Capitalism is bifurcated between innovators and controllers, and the controlling form of capitalism is just the innovative form after it made money and got complacent.

@stavvers ah what an opportunity to convert these office buildings into housing for the homeless! Oh right, they wouldn’t make money on it. Silly me.
@stavvers I can’t figure out why some of those office spaces can’t be renovated into affordable housing. Many cities are experiencing housing issues.
@stavvers
As Boston is a center for biotech, all the office buildings nearby have been madly remodeling into lab space, something that stays occupied and busy even through a pandemic. For the building across the street, this has meant building an external addition to house a freight elevator.
@stavvers We should also consider the carbon footprint of having everyone drive to work in the morning, and drive back from work in the evening. Roads are quiet when people have a day off, like today. We need more remote work.
@stavvers totally agree. Our company is being a bit bullish about us coming in as I said before. And around the same time Jeremy Hunt is spouting crap about lack of innovation and water cooler moments. All they care about is revinue.

@stavvers I think at least some of the problem (although I agree with your point) is managers who aren't ready to pivot. Mine is great, and I have a lot of flexibility ... but my best gal-pal isn't in the same boat. She works for an international charity and her manager is an older gentleman who "doesn't believe in" remote work (despite his entire department doing it for 2.5 years) because "people at home have no accountability." Really? Is the work getting done? Then kindly take a seat.

I can't speak for anyone else, but on the days I work from home? I put in longer hours because I start earlier in order to accommodate European colleagues whom I'm unable to work with directly on commute days. Even still, my morale is improved because I can grab a quick break when I need it and maybe put some laundry in. It's nice to have a wee locus of control.

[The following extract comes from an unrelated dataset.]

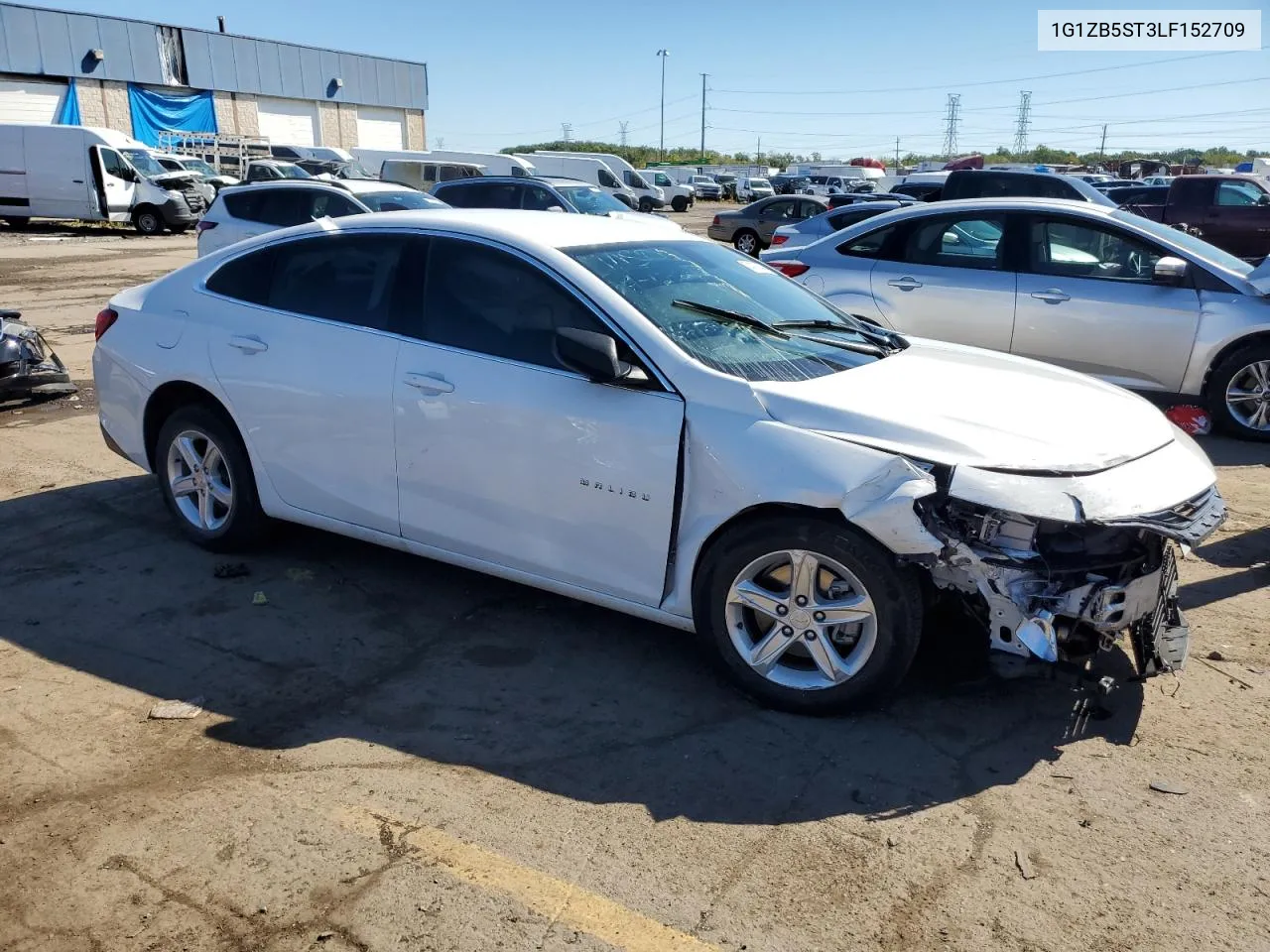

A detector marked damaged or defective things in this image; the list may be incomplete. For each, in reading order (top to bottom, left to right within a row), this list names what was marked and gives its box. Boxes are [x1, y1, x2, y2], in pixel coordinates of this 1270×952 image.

damaged front end [0, 310, 75, 401]
damaged front end [919, 487, 1223, 680]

And maybe *that* is the real problem.

@stavvers

i give them this one - this is how they make money

not many ways to pivot to alternative strategy for empty floors in office buildings

@stavvers 3 years? My dad at Sun Microsystems almost always worked from home for basically as long as I can remember (so let's say 2003) when he didn't need to go meet clients or colleagues.

@stavvers

yes, you cannot telecommute, otherwise poor Jeffy Bezos will cry. See the links in the "office bubble" paragraph here: https://mfioretti.substack.com/p/the-city-reboot-for-2070-that-we

The city reboot for 2070 that we should start TODAY, part 1: WHY do it

as a relative of mine would say, things can and must only get better from here...

Just an invitation...
@stavvers Capitalism drives innovation insofar as it can make more money. Capitalism gives us some good innovations, but it has also given us crap like planned obsolescence. It’s a flawed system if left unchecked.

@stavvers

Our execs whining about COMMUNITY BUILDING! NETWORKING! COLLABORATION! have zero idea how the sausage gets made in our product departments. Only middle-managers and higher have time to waste for "networking."

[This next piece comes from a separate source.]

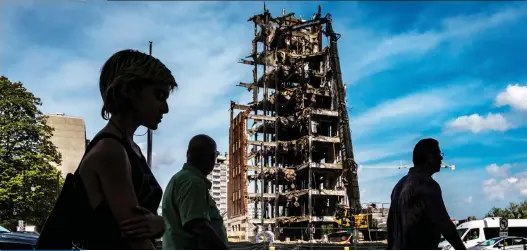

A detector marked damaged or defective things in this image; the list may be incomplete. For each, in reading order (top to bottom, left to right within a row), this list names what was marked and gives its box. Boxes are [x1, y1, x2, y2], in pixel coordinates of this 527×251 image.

damaged facade [225, 5, 360, 241]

Not to mention whatever new property the company is buying will be open office plan, another horrifically FAILED concept in office productivity.

@stavvers Capitalism only fosters innovation until it develops entrenched syndicates, upon which innovation becomes "instability."
@stavvers Wild that whenever there’s a chance for lasting systemic change to improve quality of life, all the rich people desperately try to stop it. The only thing capitalism drives is the status quo, and it does not have its eyes on the road.
@stavvers From the same people who say repeatedly, "You must embrace change."
@stavvers how about they turn those empty offices into desperately needed housing?
@stavvers Capitalism seems to prolong the use of old technology be cause MoNeY.
@stavvers I have to work in an office again, being exposed to maskless sick people randomly, because they want me to park (I don't park), and buy food at shops at work (I don't, and don't eat indoors in public when I can avoid it).